Remember, COMEX gold contracts rarely if ever go to physical delivery, and this new contract with its 400 oz option will be no different. They will merely add in some language that the approved bar brand list will use the LBMA gold good delivery list. They even say this straight up in the press release.

Conclusion

COMEX 100 oz gold futures contracts are deliverable in name only. In terms of COMEX gold futures trading, practically no contracts ever reach delivery. Just a few basis points of a percent. And delivery on the COMEX just means a warrant (receipt) from one of the approved COMEX warehouses changes hands. Getting any gold bar out of the COMEX vaults once you have a warrant is a totally different ballgame. The vast majority of COMEX 100 oz gold futures are never delivered, they are offset (closed out) and cash-settled, or else rolled over.  his is essentially the same as unallocated gold in the London market, both are just cash-settled gold derivatives. In fact, 100 oz gold bars are really not common at all. Why then would the LBMA and its bullion banks be even concerned about 100 oz bars that rarely ever get delivered.

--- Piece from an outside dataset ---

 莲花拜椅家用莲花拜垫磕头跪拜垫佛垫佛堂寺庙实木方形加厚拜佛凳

So what is exactly going on here? Who is bailing out who? The same bullion banks operate in both markets. Is the LBMA bailing out some of its bullion bank members that have blown up while at the same time propping up the COMEX edifice? If so, with the LBMA just being a trade association with the bullion banks at the helm, where are the 400 oz gold bars coming from? The HSBC or JP Morgan vaults in London? Or that famous gold lender of last resort, the Bank of England?

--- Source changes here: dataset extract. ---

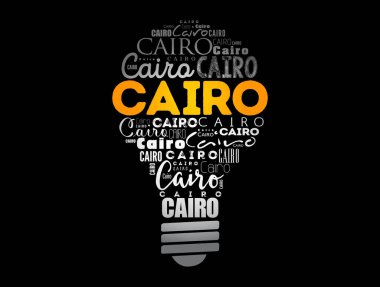 Kahire ampulü kelime bulutu, seyahat konsepti geçmişi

Or is it just a management of perceptions exercise with no gold bars involved, to try to coax back the spot and futures prices by telegraphing that the gold that is backing the spot price (which is actually unallocated non-existent gold) is now also backing COMEX gold futures. While neither of the two can be delivered, the same non-gold now backs both, so voila, there is no need for any price divergence!